On Linear Separability under Linear Compression with Applications to Hard Support Vector Machine
Paul McVay, Tie Liu, Krishna Narayanan

TL;DR
This paper provides a theoretical analysis of how linear separability is preserved under linear compression, establishing bounds based on inner product distortion and extending to applications in support vector machines and compressive learning.
Contribution
It introduces a new bound on inner product distortion needed to maintain linear separability under linear transformations, extending SVM geometry to infinite distributions.
Findings
Linear separability is preserved if inner product distortion is below the squared margin.
Derived bounds on compression length for sub-Gaussian matrices.

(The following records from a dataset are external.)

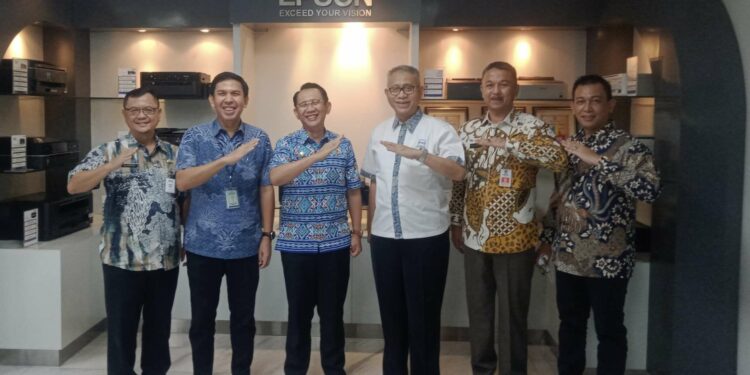 Pj Bupati Bekasi Dani Ramdan mengunjungi PT Indonesia Epson Industry di Kawasan EJIP Industrial Park, Jalan Cisokan Raya, Desa Sukaresmi, Kecamatan Cikarang Selatan, Kamis, (4/8/2022).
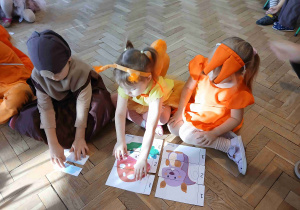 Dzieci biorą udział w konkursach.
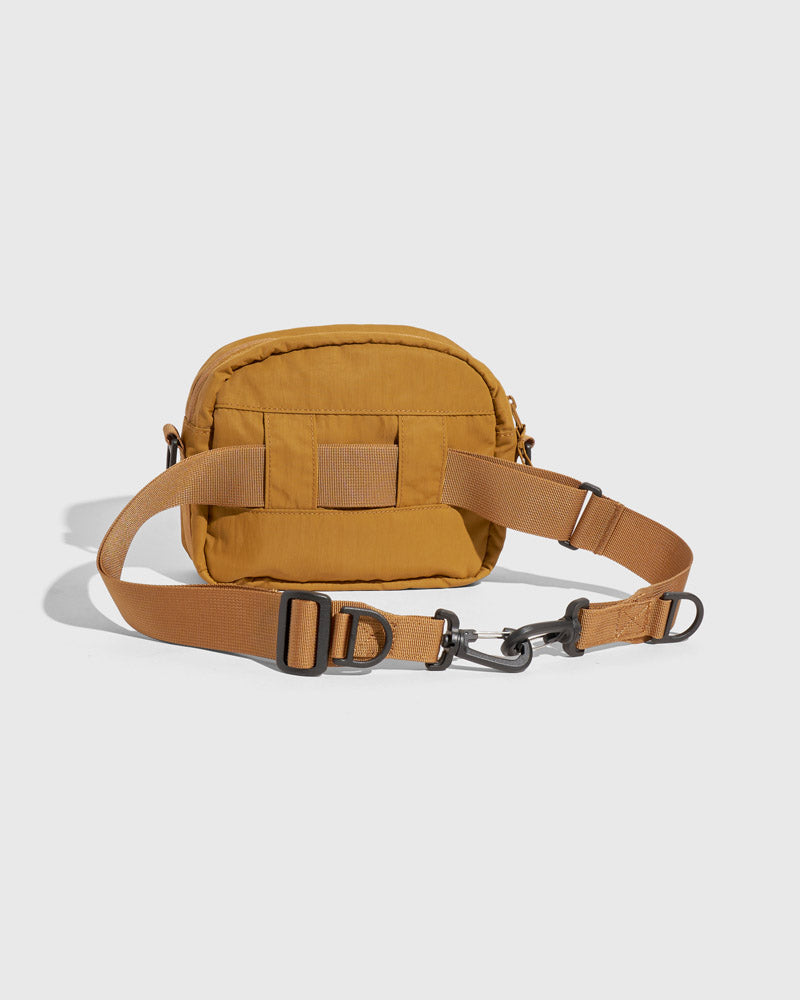(Re)active™ 2L Convertible Crossbody - HoneyBug
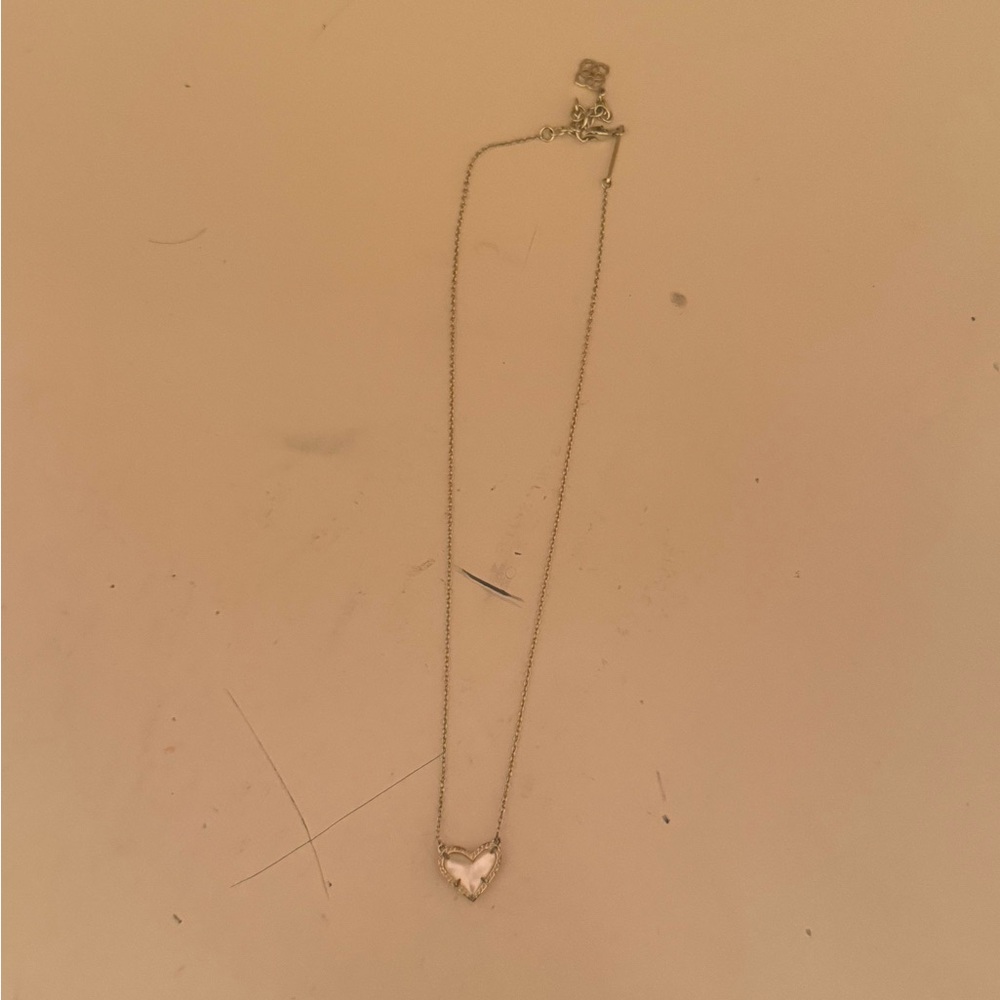 white heart jewel kendra scott necklace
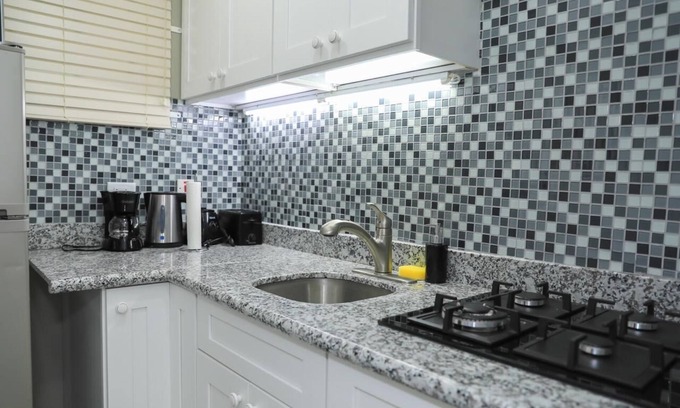 New Kingston Apartment | Kingston Guest Apartment At Valencia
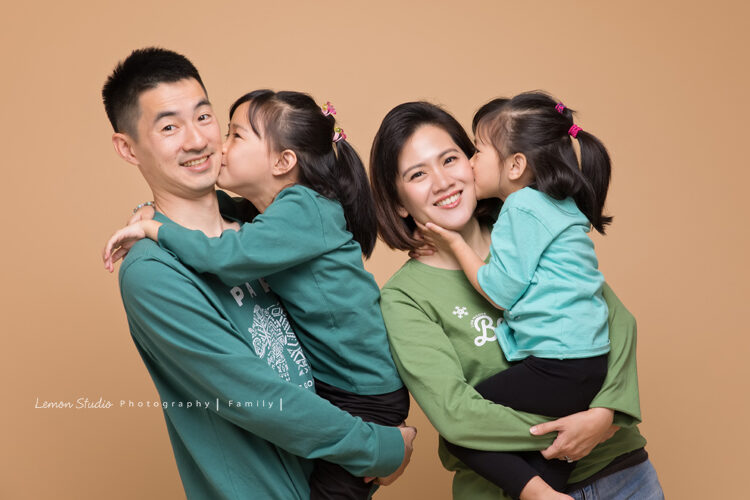 Kaylee＆Aubrey一家來拍家庭寫真，這張相片可以感覺一家人感情很好！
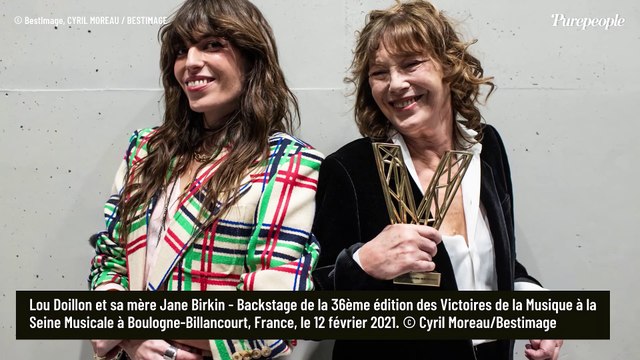 Charlotte Gainsbourg et Lou Doillon plongée dans le deuil : un mois après la mort de Jane Birkin, nouvel hommage de ses filles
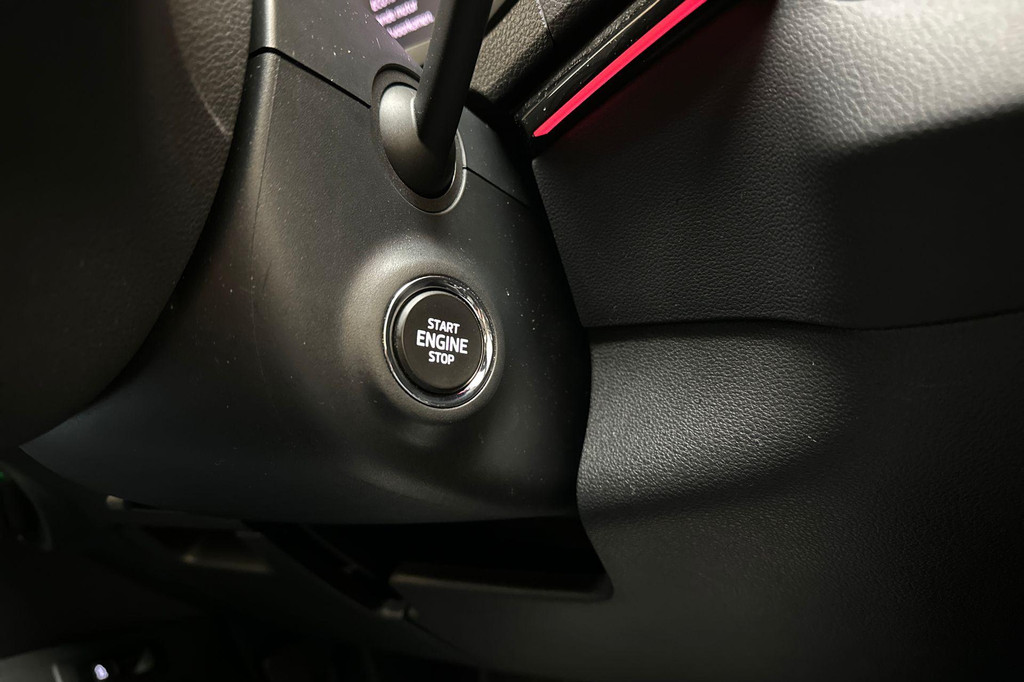 ŠKODA Karoq (JJJ10D) met abonnement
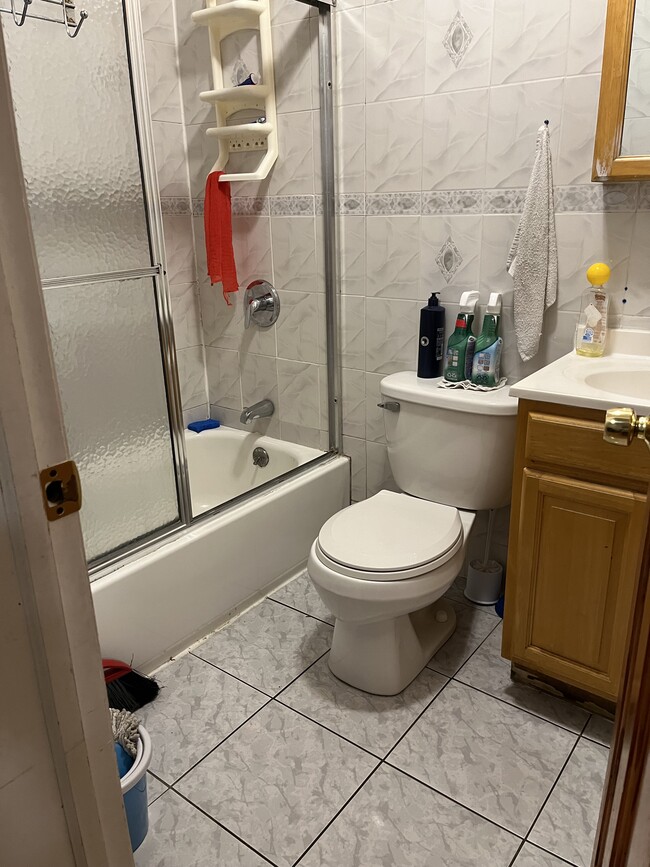 Building Photo - 2732 12th St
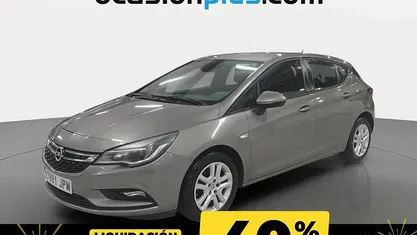 Gris Usado 2016 Opel Astra Selective Utilitario | 8241 € (Precio justo)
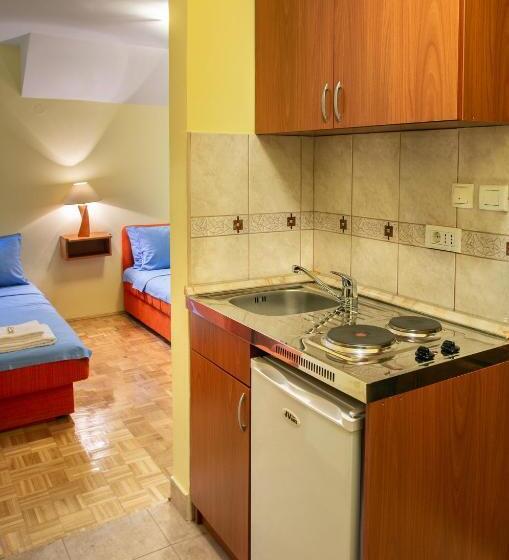 استودیو استاندارد با چشم‌انداز باغ, Apartments Mery
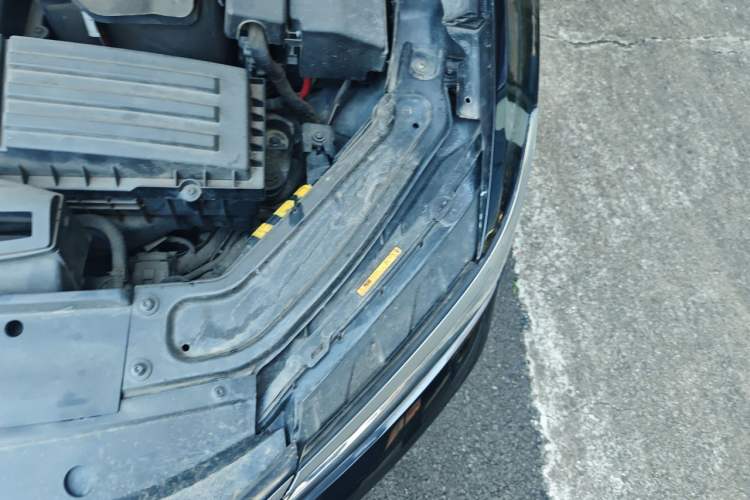 Used Volkswagen Passat 2017 330TSI DSG Luxury Edition Engine Bay Left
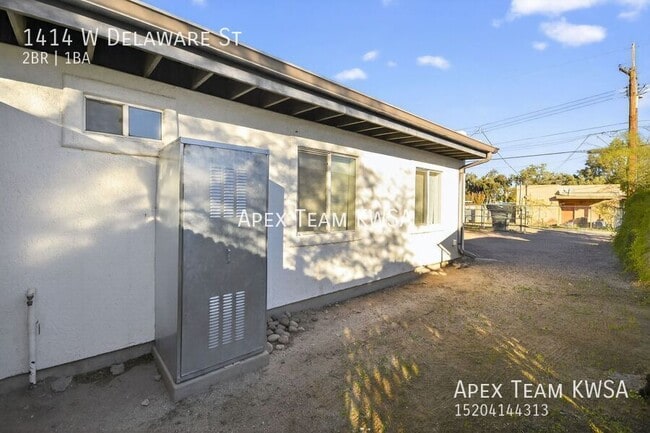 Building Photo - 1414 W Delaware St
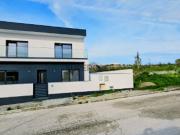 Espetacular Moradia T4 Nova, com Garagem e Logradouro!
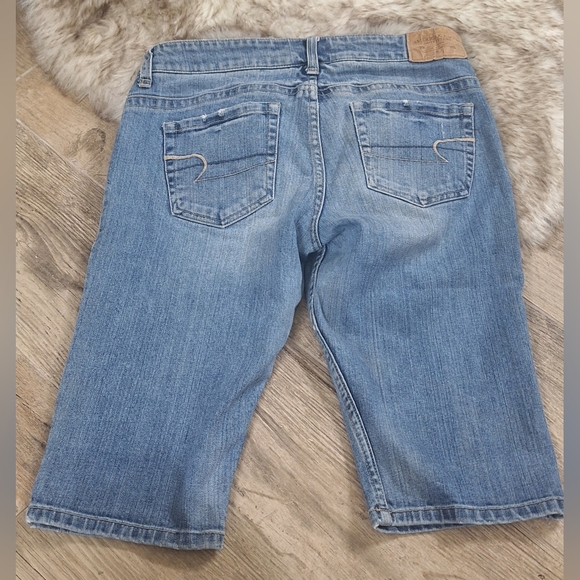#1583 American Eagle Blue Denim Distressed Shorts/ Capris Sz. 8 - Picture 4 of 6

Established generalization error bounds for compressive hard-SVM.
Abstract
This paper investigates the theoretical problem of maintaining linear separability of the data-generating distribution under linear compression. While it has been long known that linear separability may be maintained by linear transformations that approximately preserve the inner products between the domain points, the limit to which the inner products are preserved in order to maintain linear separability was unknown. In this paper, we show that linear separability is maintained as long as the distortion of the inner products is smaller than the squared margin of the original data-generating distribution. The proof is mainly based on the geometry of hard support vector machines (SVM) extended from the finite set of training examples to the (possibly) infinite domain of the data-generating distribution. As applications, we derive bounds on the (i) compression length of random…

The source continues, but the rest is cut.